For twelve consecutive days, the fox had appeared at my cottage. At no more than one minute after the sun capped the western hill, he lay down in a spot of dirt among the powdery blue bunchgrasses. Tucking the tip of his tail under his chin and squinting his eyes, he pretended to sleep. I sat on a camp chair with stiff spikes of bunchgrass poking into the canvas. Opening a book, I pretended to read. Nothing but two meters and one spindly forget-me-not lay between us. Someone may have been watching us—a dusky shrew, a field mouse, a rubber boa—but it felt like we were alone with the world to ourselves.
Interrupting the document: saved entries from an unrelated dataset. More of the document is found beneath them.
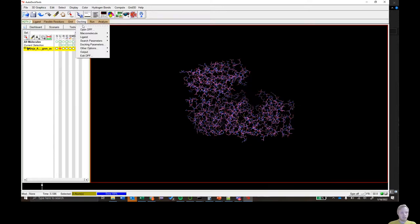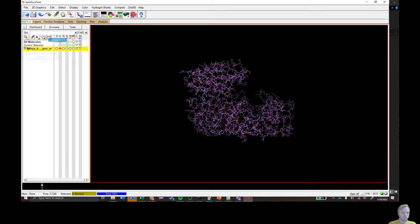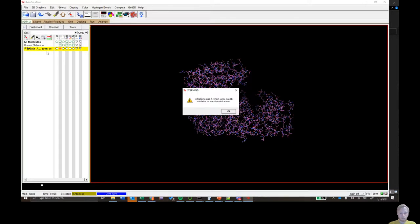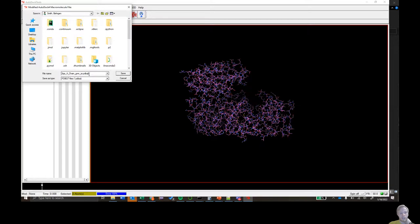Then click Docking, Grid, Macromolecule, Choose. Click on your protein, then click 'Select Molecule'. A warning may pop up saying it has no number but an atom — just click OK. Now we have to save it as a PDBQT file. The PDBQT format is like a PDB file except it also contains the charge and type columns.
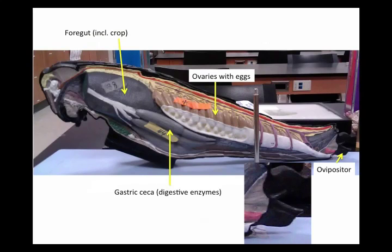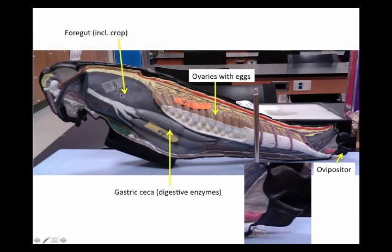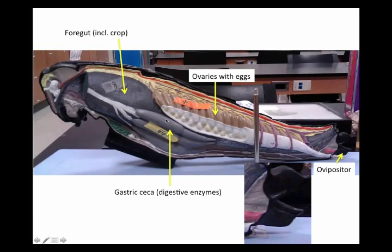We're going to look at the grasshopper model since the actual specimens are mushy and hard to see in dissection. The crop is part of the foregut. Food goes through the mouth, pharynx, and then into the crop — that's all foregut. At the foregut-to-midgut transition, there are gastric ceca, which secrete digestive enzymes to help break down the food. There's also a gizzard behind the crop where food is ground up and broken down.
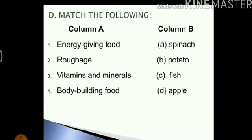Now we come to match the following. We have two columns, column A and column B, with four options in each. In column A we have energy giving food, roughage, vitamins and minerals, and body building food. In column B we have the sources. Energy giving food matches with potato, as potato is a source of carbohydrate. Roughage matches with spinach. Vitamins and minerals matches with apple, because fruits are a very good source of vitamins and minerals. Body building food matches with fish, as fish is a very good source of protein. I have written down the answers here.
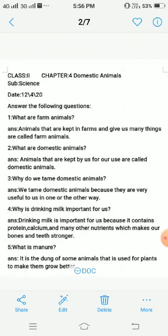Now I am going through these question answers — listen carefully. Number one: What are farm animals? Animals that are kept in farms and give us many things are called farm animals. Number two: What are domestic animals? Animals that are kept by us for our use are called domestic animals. Number three: Why do we tame domestic animals? We tame domestic animals because they are very useful to us in one or the other way. Number four: Why is drinking milk important for us? Drinking milk is important because it contains protein, calcium and many other nutrients which makes our bones and teeth stronger. Number five: What is manure? It is the dung of some animals that is used for plants to make them grow better.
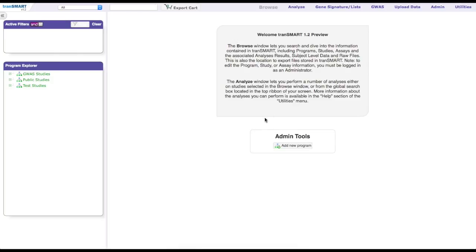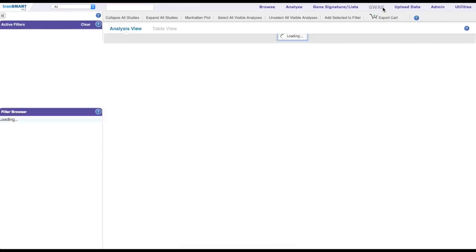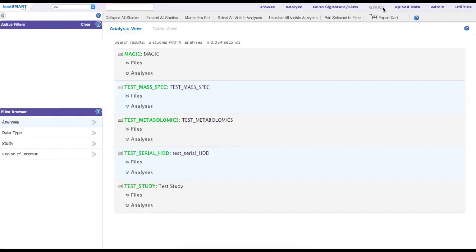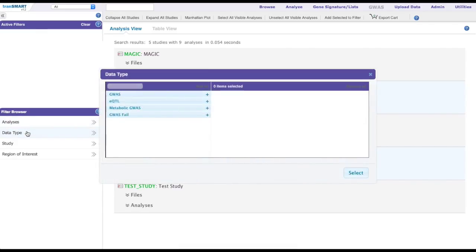The GWAS feature is found on the GWAS tab on the top of the menu bar. The studies can be filtered using the filter browser on the left-hand side of the main display, for example filtering based on GWAS genes or EQTL express genes.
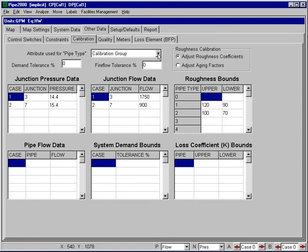The other cells that we have that we can look at include the demand tolerance cell, the fire flow tolerance cell, and then the roughness calibration selection option. First we'll look at this demand tolerance cell.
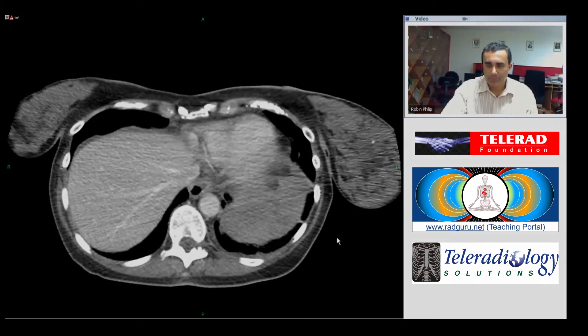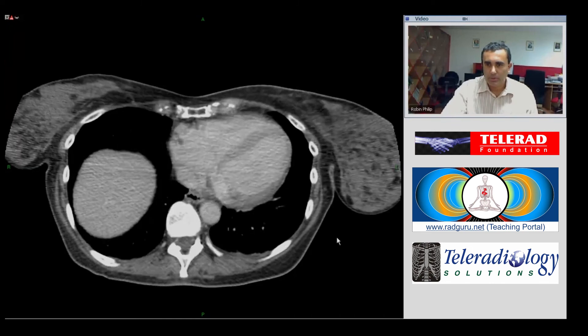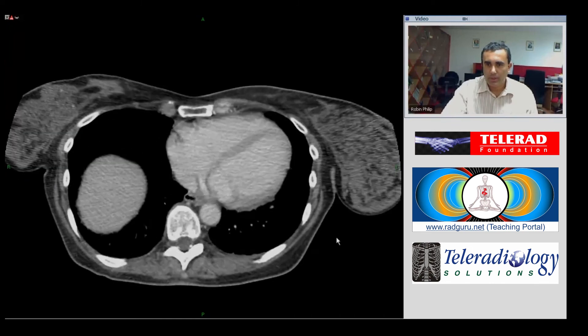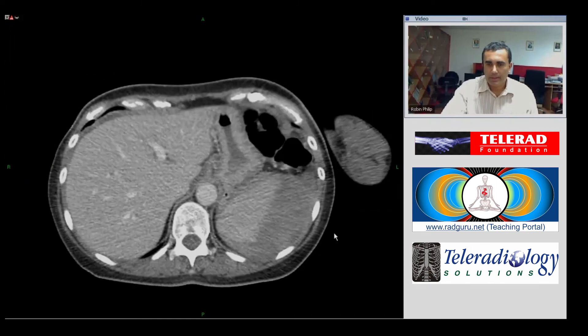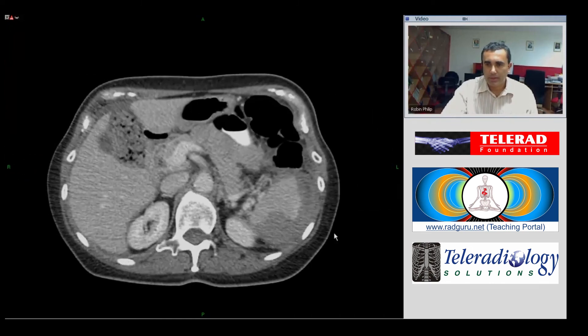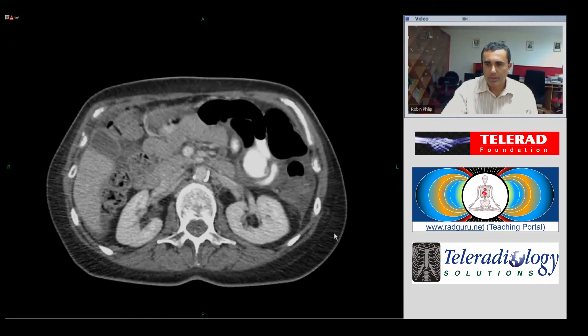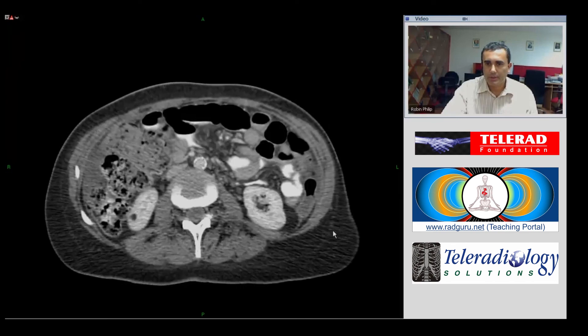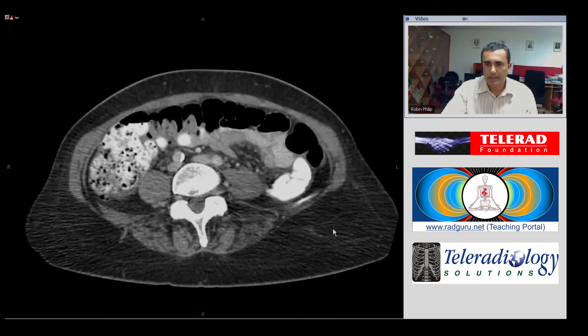So this is something to look out for in patients presenting following colonoscopy with left upper quadrant pain. Thank you.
On the thirteenth day, at around three thirty and no later than four o’clock, I bundled up in more clothing than necessary to stay comfortably warm and went outside. Pressing my hands together as if praying, I pushed them between my knees while I sat with my feet tapping the ground. I was waiting for the fox and hoping he wouldn’t show.

Two miles up a gravel road in an isolated mountain valley and sixty miles from the nearest city, the cottage was not an appropriate arrangement for a girl on her own. My street was unnamed, so I didn’t have an address. Living in this remote spot left me without access to reasonable employment. I was many miles beyond reach of cell phone towers, and if a rattlesnake bit me, or if I slipped climbing the rocky cliff behind the cottage, no one would hear me cry for help. Of course, this saved me the trouble of crying in the first place.

I had purchased this land three years earlier. Until then I had been living up valley, renting a cabin that the owner had “winterized,” in the sense that if I wore a down parka and mukluks to bed, I wouldn’t succumb to frostbite overnight. That was what I could afford with the money I’d earned guiding backcountry hikers and teaching field classes part-time. When a university offered me a one-year research position, you might think I would have jumped at the chance to leave. Not just because I was dodging icicles when entering the shower, but because riding the postdoc train was the next logical step for a biologist. But I didn’t jump. I made the university wait until after I had bought this land. Then I accepted and rented a speck of a dormitory room at the university, 130 miles away. Every weekend, through snowstorms and over icy roads, I drove back here to camp. Perching on a small boulder, listening to my propane stove hissing and the pinging sound of grasshoppers flying headfirst into my tent’s taut surface, I felt like I was part of my land. I had never felt part of anything before. When the university position ended, I camped full-time while arranging for contractors to develop the land and build the cottage.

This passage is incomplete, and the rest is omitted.